Данько в риге при фонаре, висевшем на балке, свежевал бычка, на запах крови или на свет в ригу слетались нетопыри в таком смятении, что Явтуху казалось, будто они вылетели из его собственной волосатой груди. Когда пришли домой, он еще в сенях полез на Присю с кулаками, просто так, за здорово живешь, у него была неукротимая душевная потребность бить ее ни за что ни про что, на будущее. Досыпал он ночь в новой телеге под грушей, единственным деревом в его дворе; этим летом на ней не уродилось ни одной грушки, и это только усиливало его ненависть к Соколюкам.

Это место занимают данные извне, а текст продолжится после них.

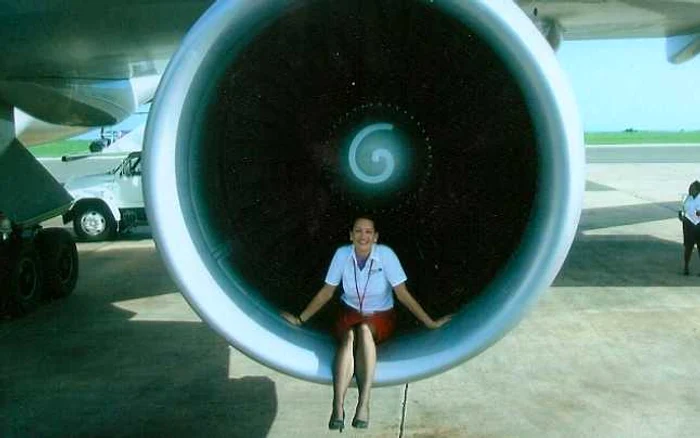 Mandy Smith a fost stewardesă pentru compania aeriană Virgin Atlantic timp de 12 ani. FOTO Daily Mail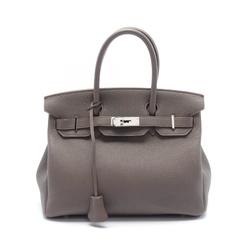 Hermes HERMES Birkin 30 Handbag Bag Togo Women's Grey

Нетопыри слетались со своей охоты и тихо гнездились у него на груди, складывая там свои усталые перепончатые крылья.

Один глаз у Явтуха то и дело приоткрывался, но ничего особенного во дворе у Соколюков до конца ночи не произошло. Лишь перед светом из хаты вышел Данько с круглой корзинкой в руке, подошел к груше, постоял на заповедном месте в некоем сладком раздумье, а потом поставил корзинку и неторопливо, как ягуар, полез на дерево. Задумал, верно, струсить все спелые груши, чтобы тех, кто придет на похороны, и не тянуло сюда. Стук падающих груш разбудил в телеге и второй глаз. Явтушок встал, размялся, зачем-то тоже полез на свою неплодоносную спасовку и давай усердно трясти ее. Не упало ни одной груши. Данько, сидя на ветвях, засмеялся. Явтушку стыдно было слезать, да, собственно, и незачем, и он просидел там еще долго, пока Прися не позвала завтракать.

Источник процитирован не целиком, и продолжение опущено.